Zenodo API makes data sharing between frictionless framework and Zenodo easy. The data from the Zenodo repo can be read from as well as written to zenodo seamlessly. The api uses 'zenodopy' library underneath to communicate with Zenodo REST API.
We need to install zenodo extra dependencies to use this feature:
pip install frictionless[zenodo] --pre
pip install 'frictionless[zenodo]' --pre # for zsh shell
You can read data from a zenodo repository as follows:
from pprint import pprint
from frictionless import portals, Package
package = Package("https://zenodo.org/record/7078768")
package.infer()
print(package)
{'title': 'Frictionless Data Test Dataset Without Descriptor',
'resources': [{'name': 'capitals',
'type': 'table',
'path': 'capitals.csv',
'scheme': 'https',
'format': 'csv',
'encoding': 'utf-8',
'mediatype': 'text/csv',
'dialect': {'csv': {'skipInitialSpace': True}},
'schema': {'fields': [{'name': 'id', 'type': 'integer'},
{'name': 'cid', 'type': 'integer'},
{'name': 'name', 'type': 'string'}]}},
{'name': 'table',
'type': 'table',
'path': 'table.xls',
'scheme': 'https',
'format': 'xls',
'encoding': 'utf-8',
'mediatype': 'application/vnd.ms-excel',
'schema': {'fields': [{'name': 'id', 'type': 'integer'},
{'name': 'name', 'type': 'string'}]}}]}
To increase the access limit, pass 'apikey' as the param to the reader function as follows:
from pprint import pprint
from frictionless import portals, Package
control = portals.ZenodoControl(apikey=apikey)

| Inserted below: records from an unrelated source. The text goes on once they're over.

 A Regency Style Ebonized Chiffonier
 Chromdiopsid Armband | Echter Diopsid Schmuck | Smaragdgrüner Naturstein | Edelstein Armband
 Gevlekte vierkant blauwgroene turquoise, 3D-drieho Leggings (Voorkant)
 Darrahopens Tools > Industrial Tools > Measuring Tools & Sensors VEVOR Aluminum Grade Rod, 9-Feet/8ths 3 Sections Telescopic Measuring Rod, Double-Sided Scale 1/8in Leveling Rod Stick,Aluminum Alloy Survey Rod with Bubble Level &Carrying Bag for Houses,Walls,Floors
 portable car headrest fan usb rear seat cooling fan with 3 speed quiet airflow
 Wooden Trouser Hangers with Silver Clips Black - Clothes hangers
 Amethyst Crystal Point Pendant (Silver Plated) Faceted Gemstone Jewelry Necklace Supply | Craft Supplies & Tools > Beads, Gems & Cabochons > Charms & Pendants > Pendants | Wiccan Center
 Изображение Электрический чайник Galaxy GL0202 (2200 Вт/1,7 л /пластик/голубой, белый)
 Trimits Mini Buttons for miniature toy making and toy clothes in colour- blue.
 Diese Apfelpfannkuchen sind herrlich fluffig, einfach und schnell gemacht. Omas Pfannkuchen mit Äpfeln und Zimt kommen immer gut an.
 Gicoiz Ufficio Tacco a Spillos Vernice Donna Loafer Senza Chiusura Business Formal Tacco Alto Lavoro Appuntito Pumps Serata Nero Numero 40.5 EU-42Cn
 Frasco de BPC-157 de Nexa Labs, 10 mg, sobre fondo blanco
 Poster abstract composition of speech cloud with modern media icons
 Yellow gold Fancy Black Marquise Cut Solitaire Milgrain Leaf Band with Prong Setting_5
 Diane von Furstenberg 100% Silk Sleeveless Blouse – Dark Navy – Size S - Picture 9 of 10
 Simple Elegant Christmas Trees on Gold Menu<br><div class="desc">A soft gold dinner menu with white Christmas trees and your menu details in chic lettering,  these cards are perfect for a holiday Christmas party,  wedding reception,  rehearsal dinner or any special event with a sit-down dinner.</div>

package = Package("https://zenodo.org/record/7078768", control=control)
print(package)
The reader
function can read package from repos with/without data package descriptor. If the repo does not have the descriptor it will create the descriptor with the name same as the repo name as shown in the example above. By default, the function reads files of type csv, xlsx, xls etc which is supported by frictionless framework but we can set the file types using control parameters also.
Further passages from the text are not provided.